--- Listed records ---

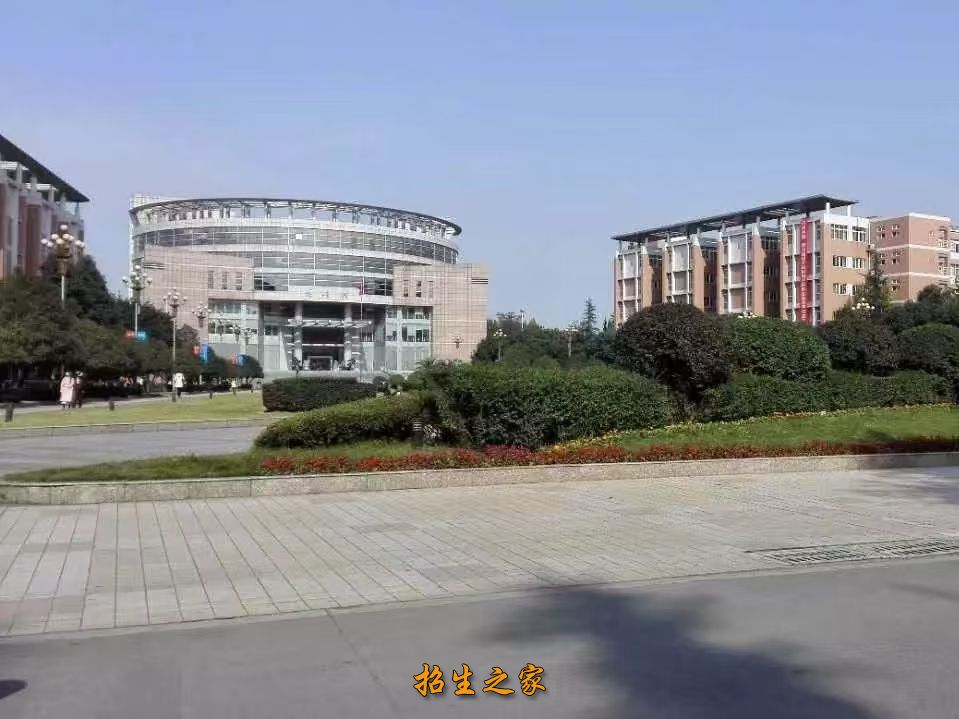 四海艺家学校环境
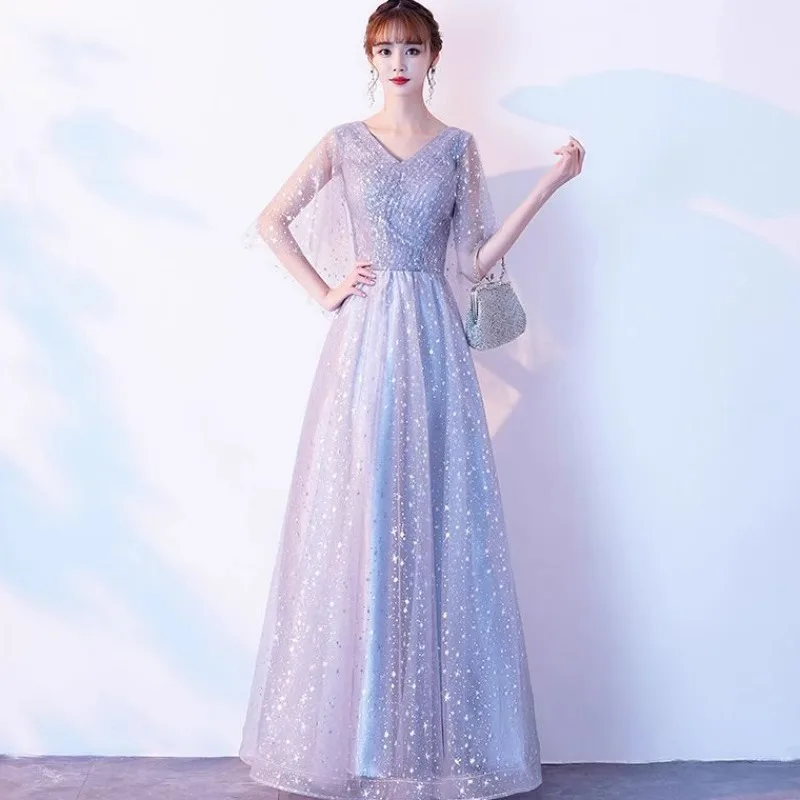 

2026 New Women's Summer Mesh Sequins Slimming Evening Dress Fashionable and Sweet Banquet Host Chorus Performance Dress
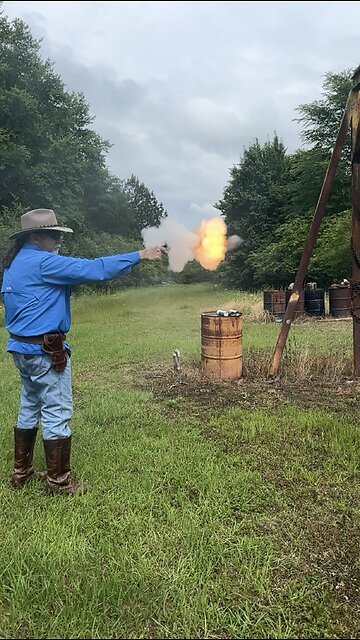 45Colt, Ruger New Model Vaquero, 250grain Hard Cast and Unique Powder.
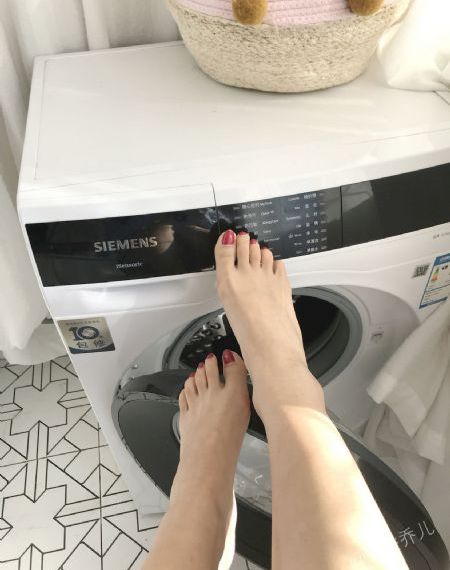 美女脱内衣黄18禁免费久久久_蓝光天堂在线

---
--- Listed records ---

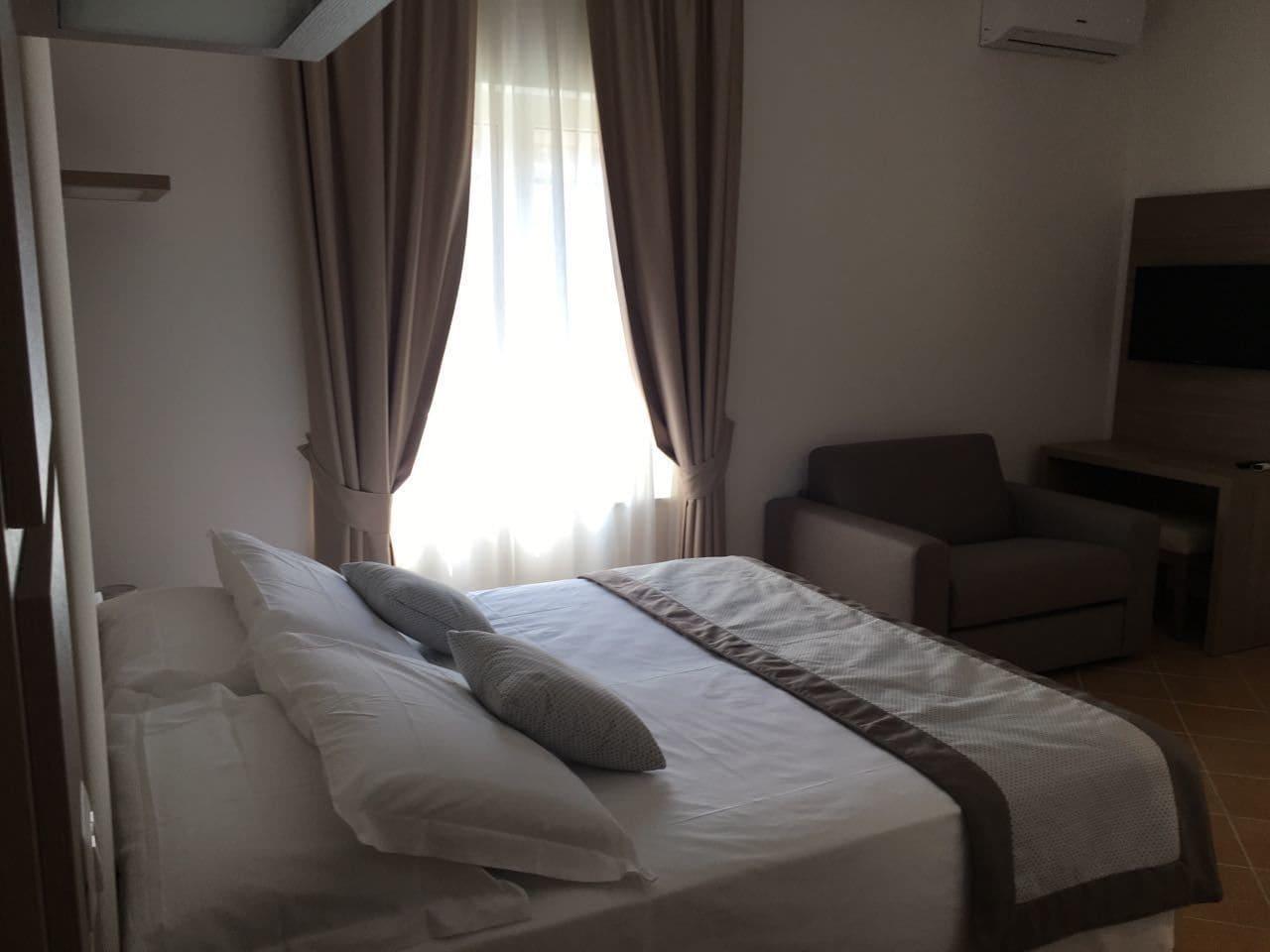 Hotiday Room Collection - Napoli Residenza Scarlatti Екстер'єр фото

---

What you should do:
In the listing above, find the line with "45Colt, Ruger New" and the line with "美女脱内衣黄18禁免费久久久_蓝光天堂在线". Copy exactly those two and every line between, without the pictures.

Answer to this problem:
 45Colt, Ruger New Model Vaquero, 250grain Hard Cast and Unique Powder.
 美女脱内衣黄18禁免费久久久_蓝光天堂在线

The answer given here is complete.